На третьей станціи, я уже былъ совершенно измученъ; мы проскакали около 70 верстъ. И еще дней двѣнадцать сряду намъ надо было скакать такимъ-образомъ, чтобъ достигнуть цѣли! Пока надлежащая діэта и привычка не приготовятъ васъ къ этому, сильному и продолжительному движенію, -- бѣда, да и только. Простая пища Гаучей, состоящая изъ говядины, безъ всякаго мучнистаго кушанья, дѣлаетъ ихъ весьма-способными къ такой ѣздѣ, и Европеецъ убѣждается въ этомъ, какъ-скоро прійметъ такой же образъ жизни, какъ они. Видя мою блѣдность и изнуреніе, Родригесъ сжалился надо мною; онъ остановился на ночлегъ. Я бросаюсь съ сѣдломъ на-земь, у входа въ почтовую хижину; ночью на меня нападаютъ москиты, какъ саранча; я закрываю голову пончомъ -- жаръ невыносимый; въ отчаяніи, бѣгу въ хижину -- здѣсь блохи и клопы съ жадностію впиваются въ мое тѣло.

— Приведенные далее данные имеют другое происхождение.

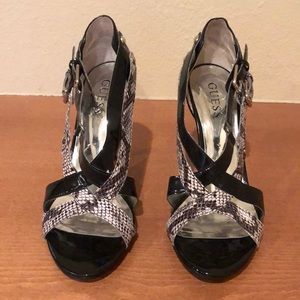 Guess leather black heels. Size 8.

Однакожь, такова была усталость, что я все-таки вздремнулъ къ зарѣ. Проснувшись, я увидѣлъ себя точно въ ноевомъ ковчегѣ. Женщины, дѣти, старики, собаки, все это лежало вмѣстѣ какъ-ни-попало. Мальчишка съ наслажденіемъ чесалъ подлѣ меня голову; страшная мысль, что изъ волосъ его выходитъ подкрѣпленіе ночнымъ врагамъ моимъ -- не на шутку испугала меня. Я выскочилъ изъ избы. Коррео, человѣкъ не столь щекотливый, занялся приготовленіемъ мате; у насъ было съ собой три или четыре фунга этого парагуайскаго чая {Парагуайскій чай или verba de Paraguay есть ilex paraguayensis. Въ Парагуаѣ и въ Ассамѣ, въ Индіи, пытались развести китайскій чай; опытъ былъ, кажется, удаченъ, хотя и не вполнѣ.}. Это лучшій напитокъ въ степяхъ; онъ освѣжаетъ и успокоиваетъ кровь. Настой этой травы готовится такъ же, какъ и китайскій чай, только пьютъ его здѣсь посредствомъ металлической трубки, называемой бомбильи; одинъ конецъ ея -- въ горшкѣ съ напиткомъ, другой -- во рту, и вы такимъ образомъ втягиваете въ себя жидкость. Безъ глубокихъ соображеній можно-бы устроить все это гораздо-удобнѣе; но такъ-какъ у цивилизаціи будетъ и безъ того здѣсь довольно работы, то можно надѣяться, что и лѣтъ черезъ двѣсти Гаучо будетъ по-прежнему жечь себѣ языкъ такъ же систематически, какъ и теперь, вставляя въ ротъ себѣ разгоряченную бомбилью. Дошедъ до этого глубокаго заключенія и тщательно записавъ его въ свою памятную книжку, я усѣлся спокойно на лошадиномъ остовѣ и закурилъ сигару. Я былъ очень расположенъ къ философическимъ размышленіямъ; но, къ-сожалѣнію, Родригесъ думалъ иначе. Я долженъ былъ заткнуть за-поясъ изслѣдованія и сѣсть на лошадь.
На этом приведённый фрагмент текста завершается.